Your goal> Leaving out pictures, output exactly the lines below from the one that has "Caravan used with 2 beds, 4 meters long" through the one that has "6010 Robbs Drive Cumming, GA 30041", and nothing else.

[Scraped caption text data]

● ● ● ●

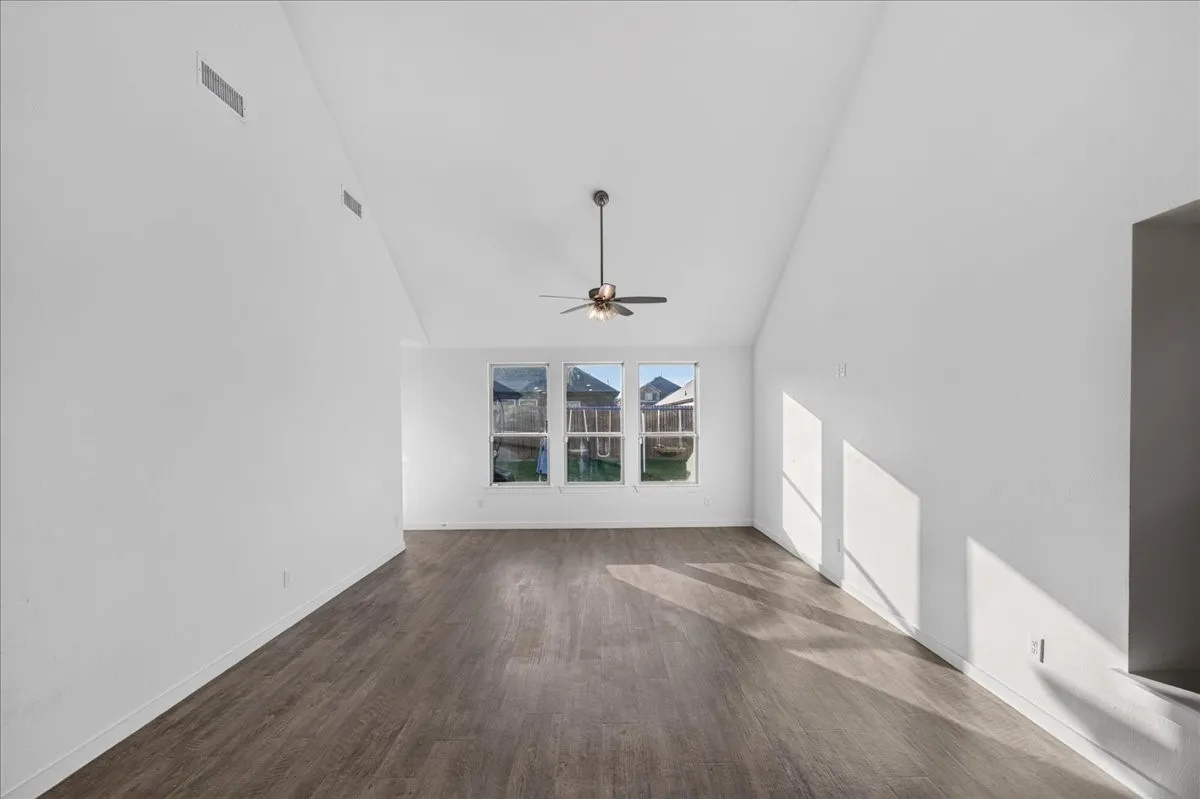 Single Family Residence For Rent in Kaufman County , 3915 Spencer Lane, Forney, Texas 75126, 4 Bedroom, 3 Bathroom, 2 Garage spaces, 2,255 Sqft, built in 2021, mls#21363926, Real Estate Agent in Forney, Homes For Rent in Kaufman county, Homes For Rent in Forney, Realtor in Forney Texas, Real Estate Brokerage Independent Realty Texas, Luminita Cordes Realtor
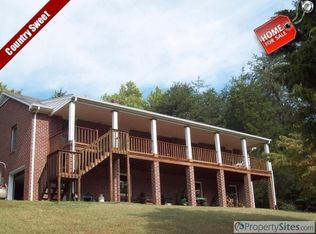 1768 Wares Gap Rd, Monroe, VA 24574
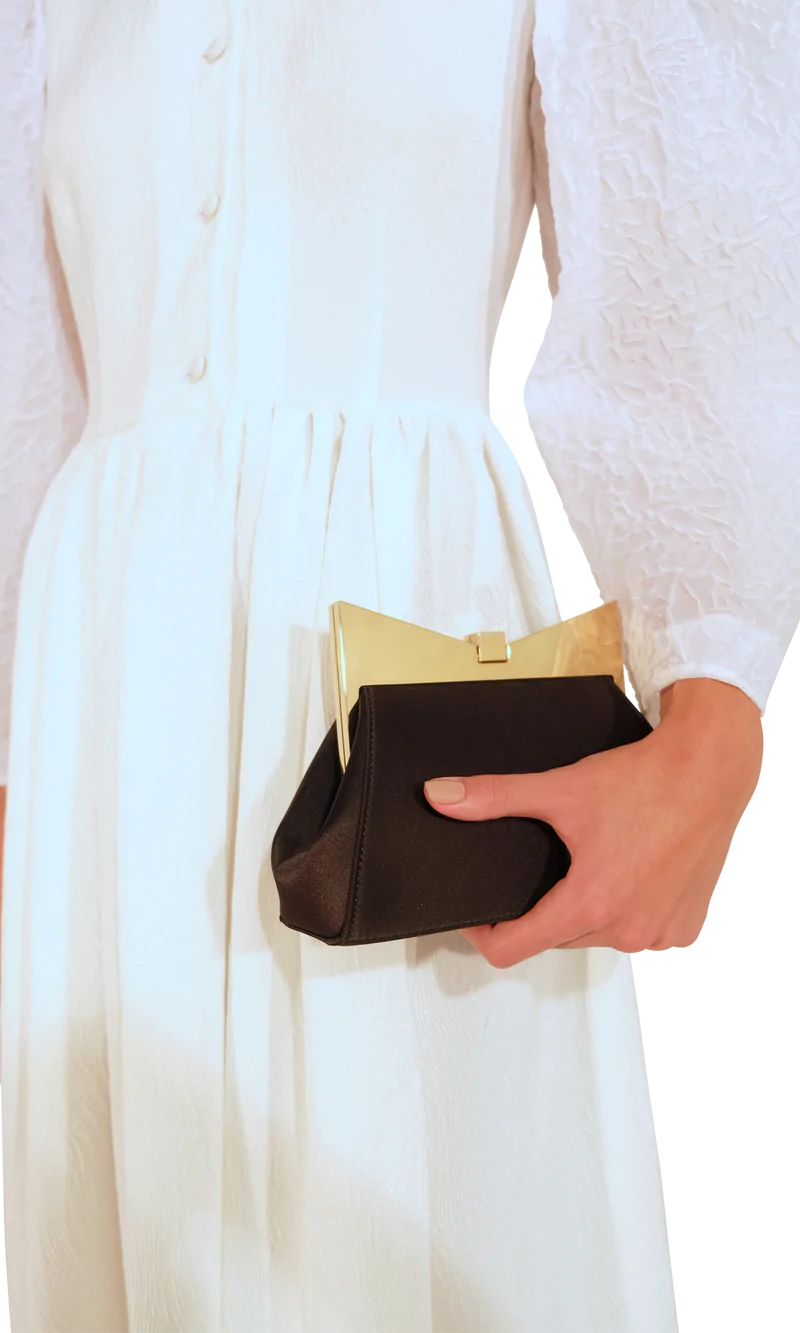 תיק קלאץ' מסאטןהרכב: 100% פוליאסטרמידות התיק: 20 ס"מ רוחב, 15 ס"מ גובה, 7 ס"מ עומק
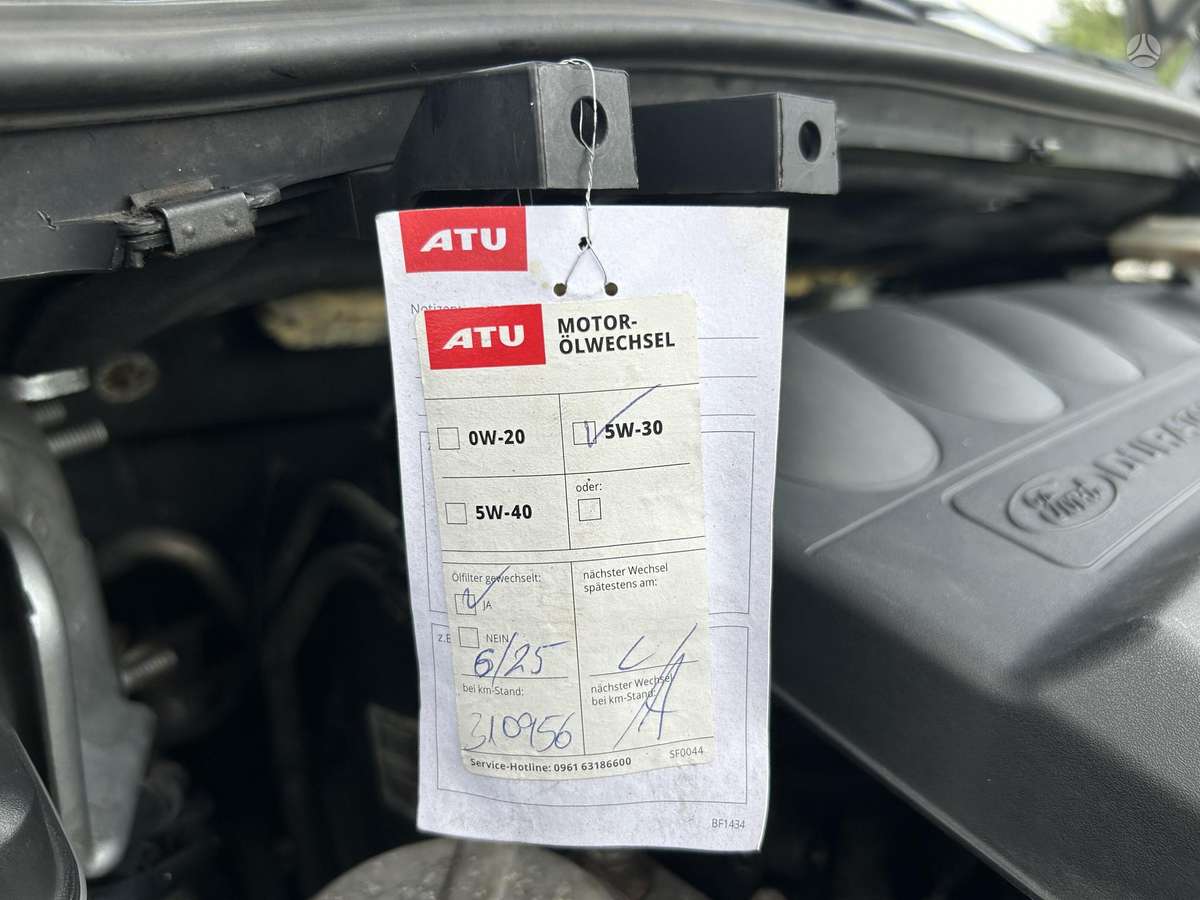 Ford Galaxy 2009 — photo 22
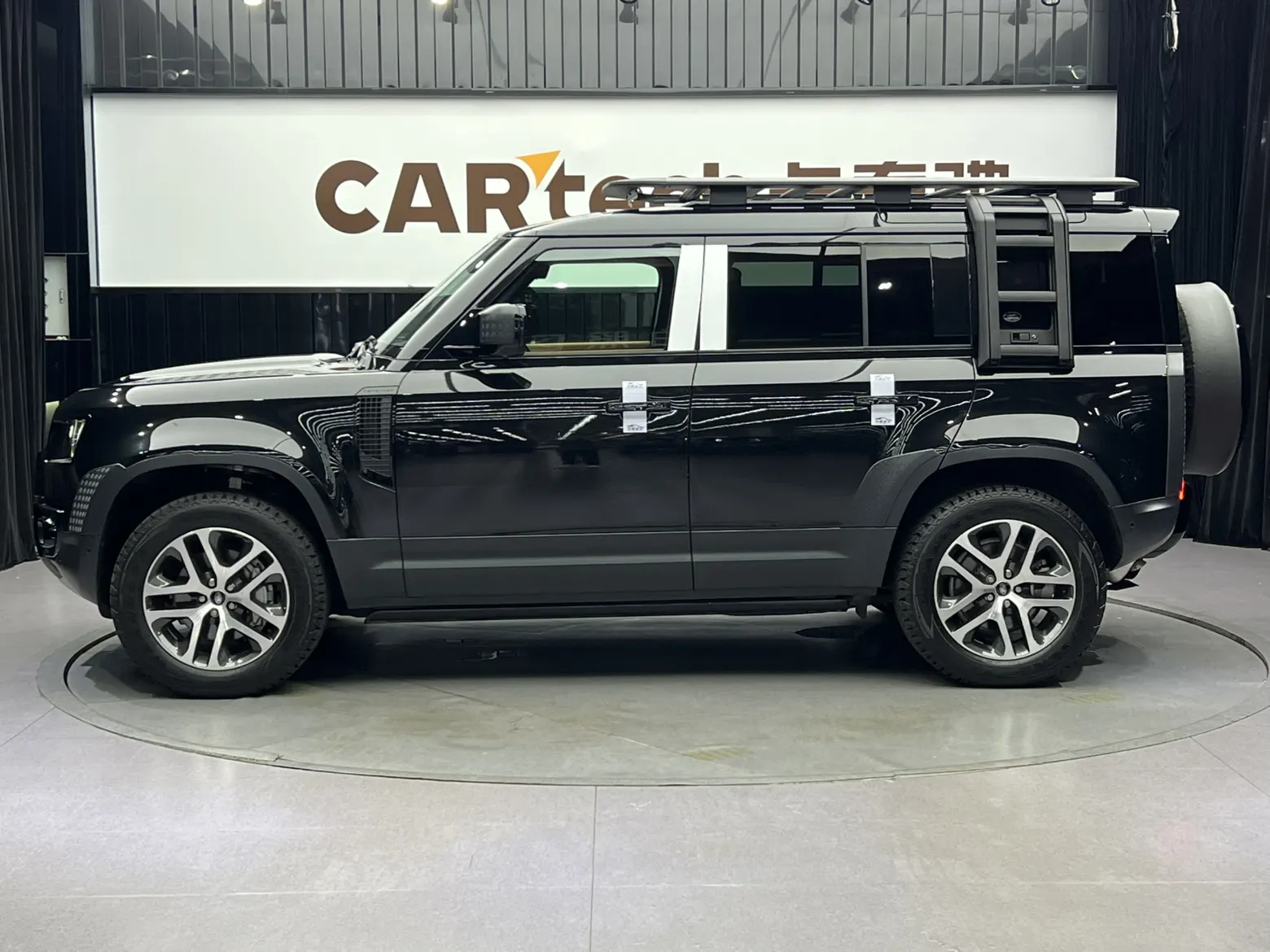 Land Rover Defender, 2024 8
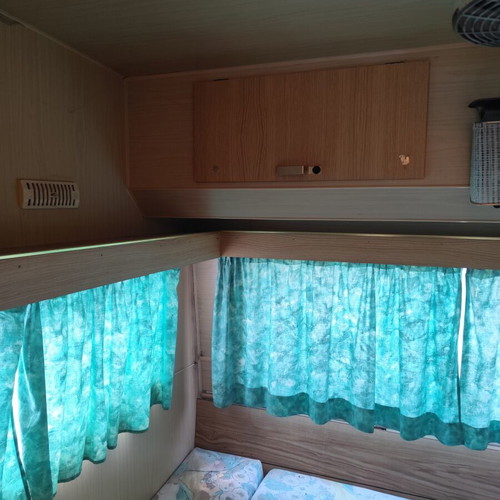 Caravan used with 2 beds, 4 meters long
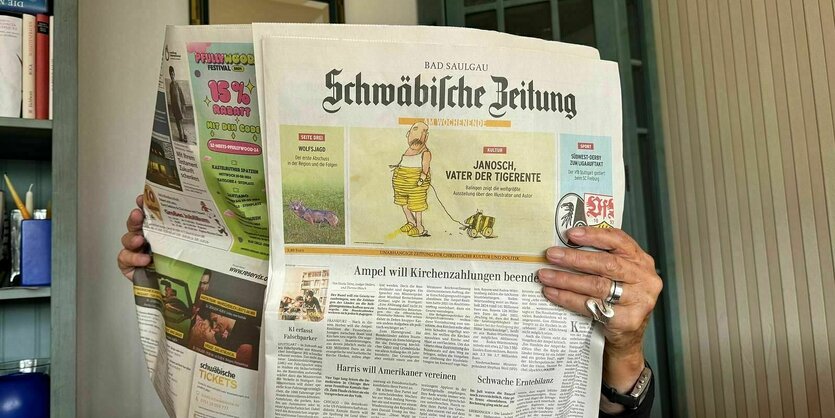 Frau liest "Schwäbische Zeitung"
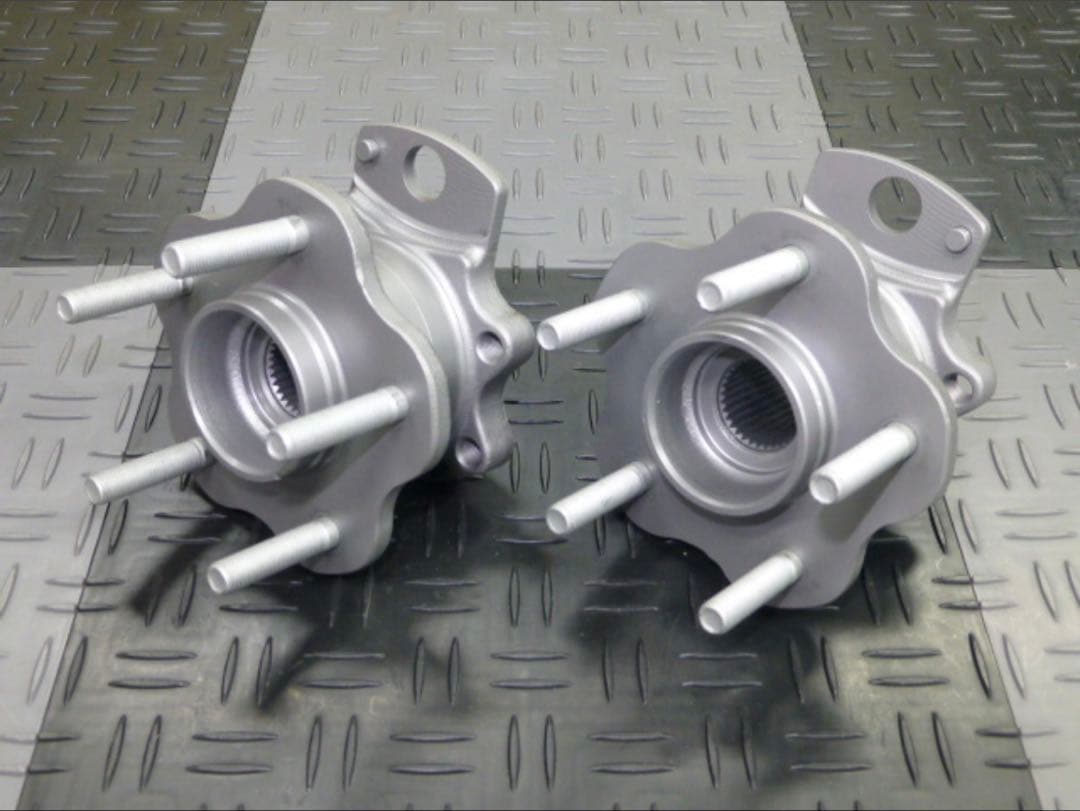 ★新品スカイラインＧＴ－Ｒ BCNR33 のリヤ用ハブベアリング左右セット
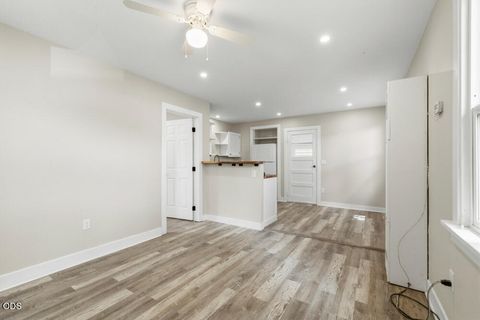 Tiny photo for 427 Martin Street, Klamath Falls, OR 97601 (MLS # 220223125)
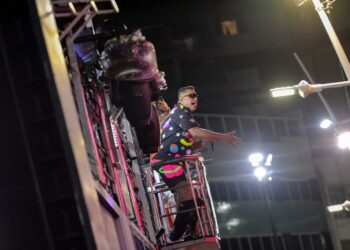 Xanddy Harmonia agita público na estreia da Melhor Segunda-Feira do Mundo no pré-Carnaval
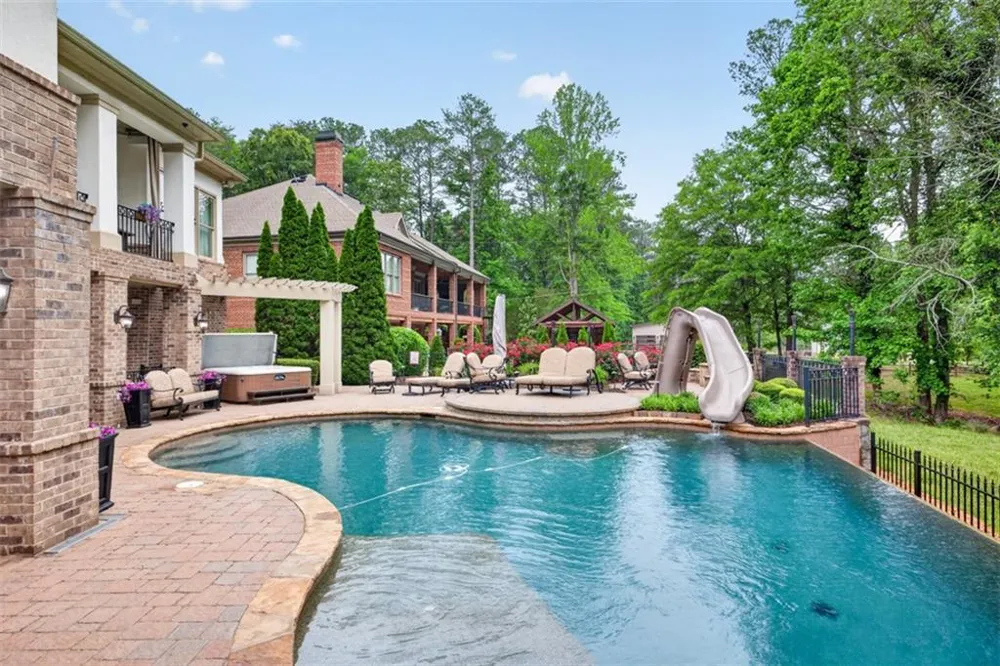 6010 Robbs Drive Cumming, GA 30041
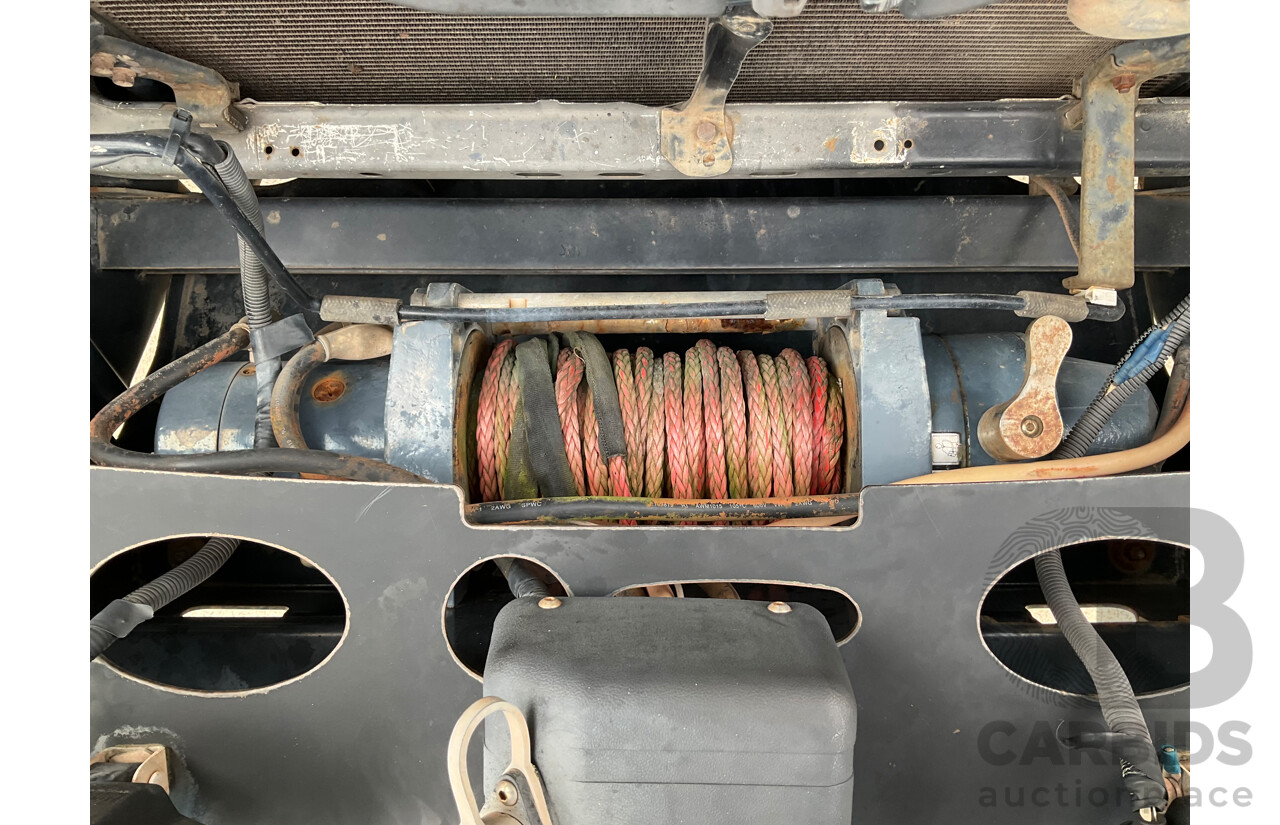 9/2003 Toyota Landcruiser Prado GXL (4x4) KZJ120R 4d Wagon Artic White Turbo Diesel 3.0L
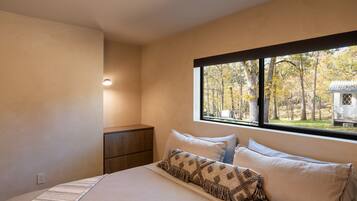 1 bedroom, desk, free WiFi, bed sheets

● ● ● ●

Answer section>
 Caravan used with 2 beds, 4 meters long
 Frau liest "Schwäbische Zeitung"
 ★新品スカイラインＧＴ－Ｒ BCNR33 のリヤ用ハブベアリング左右セット
 Tiny photo for 427 Martin Street, Klamath Falls, OR 97601 (MLS # 220223125)
 Xanddy Harmonia agita público na estreia da Melhor Segunda-Feira do Mundo no pré-Carnaval
 6010 Robbs Drive Cumming, GA 30041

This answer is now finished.